Nailul optimistis, seiring pengembangan dan pembaruan teknologi, pembayaran digital akan semakin memudahkan transaksi keuangan melalui ponsel pintar.

Kondisi tawaran potongan harga dan perang tarif antarpenyedia platform juga menjadi keuntungan dan daya tarik konsumen. Di sisi lain, bagi perusahaan pembayaran digital, akan membuka peluang lebih besar untuk memperoleh kucuran dana investor.

Fasilitas layanan transaksi digital memudahkan seseorang dalam bertransaksi. Namun, masih ada sejumlah masalah.

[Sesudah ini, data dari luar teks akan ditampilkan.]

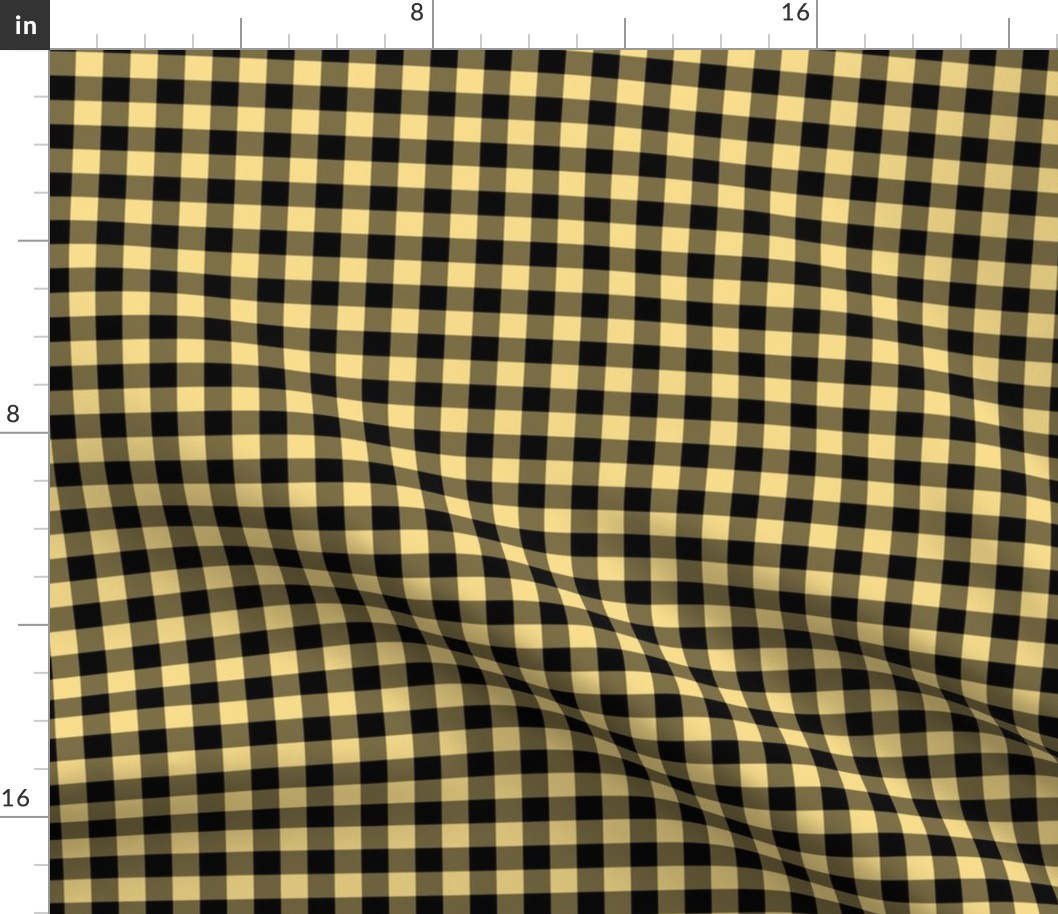 Gingham Pattern - Mellow Yellow and Black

“Valuasi nilai ekonomi perusahaan digital payment menjadi penilaian penting bagi investor. Perusahaan di pasar industri ini akan terus bertambah,” tuturnya ketika dihubungi, Kamis (28/2).

Namun, menurutnya, masih ada hambatan dari segi penerapan perangkat teknologi. Pertama, masih banyak masyarakat yang terbiasa membawa atau menggunakan uang tunai. Kedua, ketersediaan perangkat teknologi, terutama sinyal internet, masih timbul-tenggelam.